Colgú no tenía respuesta y habló con calma.
– Fidelma, se espera que la asamblea de Tara se reúna dentro de tres semanas. Eso no nos deja mucho tiempo para resolver este asunto.
– La ley también da un mes a partir de la decisión de la asamblea para que Fianamail pueda marchar con un ejército sobre Osraige a exigir la tierra por la fuerza si no se la entregan por las buenas -observó Fidelma.
– ¿Así pues, tenemos siete semanas antes de que haya derramamiento de sangre y guerra en esta tierra?
Fidelma alzó ambas cejas.
– Eso, en el supuesto de que se falle a favor de Laigin. Aquí hay un gran misterio, Colgú. A menos que Fianamail sepa algo más que nosotros, no veo cómo el Rey Supremo y su asamblea podrían fallar contra Muman.
Colgú sirvió otras dos copas de vino y ofreció una a su hermana con una sonrisa cansada.
– Éstas fueron las mismas palabras de Cathal, nuestro primo, antes de sucumbir a la peste. Por esta razón me pidió que te hiciera ir a buscar. La mañana después de que se enviara al mensajero a Kildare, cayó víctima de la peste amarilla. Y, si los médicos están en lo cierto, yo seré rey antes de que acabe esta semana.
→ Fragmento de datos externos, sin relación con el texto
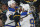 St. Louis Blues' David Perron, center, celebrates his goal against the Boston Bruins with Jay Bouwmeester, left, and Ryan O'Reilly, right, during the third period in Game 5 of the NHL hockey Stanley Cup Final, Thursday, June 6, 2019, in Boston. (AP Photo/Michael Dwyer)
Si hay guerra, entonces las cosas estarán en mis manos.
– No será un buen inicio para tu reinado, hermano -admitió Fidelma mientras sorbía de su vino y consideraba el asunto con atención. Luego alzó la vista para examinar el rostro de su hermano lleno de preocupación-. ¿Me estás encargando que investigue la muerte de Dacán y luego te presente las pruebas?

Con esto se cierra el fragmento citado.